A princípio, não. Vamos primeiro implementar a infra-estrutura. Nossa meta para 2008 é instalar banda larga em todas as 2.500 escolas estaduais. Já estamos negociando com a Oi, que é nossa parceira, para iniciar um projeto piloto com outras secretarias. Afinal, o papel do Proderj é prover ferramentas para que a administração pública seja melhor.
O Proderj também desenvolve softwares. Há alguma novidade em andamento?
O intragov.rj, que é um projeto de integração das bases de dados do Estado por temas (educação, segurança, recursos humanos, etc).
Qualquer um poderá ter acesso a essas informações?
Não, destinam-se à gestão interna, para modernizar a máquina pública. De posse desses dados, vamos começar a trabalhar com Business Inteligence (BI). Já inserimos o departamento de Recursos Humanos nesse esquema para agilizar pagamentos, por exemplo.
Essas informações, porém, serão usadas de outras formas. Começamos a utilizar ferramentas de data mining, ou seja, de análise de dados. Elas controlam gastos, entre outras utilidades. Se o gasto mensal de uma secretaria for de R$ 300 mil, e houver um gasto de R$ 400 mil não previsto, o sistema não permite a operação.
Na área de segurança, graças a esse sistema, podemos saber qual o perfil dos carros roubados em uma rua, a hora em que houve furtos, etc. Essas informações podem ajudar a polícia a adotar uma postura mais proativa em segurança pública.

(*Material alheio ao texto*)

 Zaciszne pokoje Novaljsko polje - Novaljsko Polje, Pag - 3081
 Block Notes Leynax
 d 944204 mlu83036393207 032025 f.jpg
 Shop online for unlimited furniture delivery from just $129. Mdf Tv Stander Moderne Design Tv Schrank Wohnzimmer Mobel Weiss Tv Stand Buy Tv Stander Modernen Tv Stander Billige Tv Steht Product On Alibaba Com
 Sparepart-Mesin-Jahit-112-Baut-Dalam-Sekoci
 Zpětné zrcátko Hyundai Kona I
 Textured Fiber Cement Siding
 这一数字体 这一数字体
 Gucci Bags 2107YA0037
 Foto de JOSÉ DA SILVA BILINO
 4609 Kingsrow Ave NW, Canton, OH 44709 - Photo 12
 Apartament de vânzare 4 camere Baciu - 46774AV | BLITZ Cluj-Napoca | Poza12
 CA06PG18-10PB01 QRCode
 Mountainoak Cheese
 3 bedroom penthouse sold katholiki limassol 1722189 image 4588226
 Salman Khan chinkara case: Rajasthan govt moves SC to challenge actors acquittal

Essas informações e sistemas poderão ser compartilhados com outras empresas públicas de informática?
A integração de dados depende da integração de interesses. Sou presidente da Associação Brasileira de Entidades Estaduais de Tecnologia da Informação e da Comunicação (Abep), e lá sempre discutimos como compartilhar dados. Mas é uma questão complicada, por enquanto restrita à divulgação de dados e iniciativas.
Algo que desejo é integração de fato com o governo federal, pois, no interior temos o Proderj, a Dataprev, o Datasus (o banco de dados do Sistema Único de Saúde), etc, todos agindo no mesmo local. Poderíamos unir os dados e economizar.
E o Centro Experimental de Conteúdos Interativos Digitais (Cecid), que tem como objetivo contemplar a TV Digital? Ele pode ser utilizado para aplicações de e-gov, saúde e educação também?
Ainda está muito incipiente, mas a nossa intenção é aproveitar a vocação do Rio de Janeiro para a produção de conteúdo. Vamos esperar para divulgar mais o andamento da iniciativa com nossos parceiros.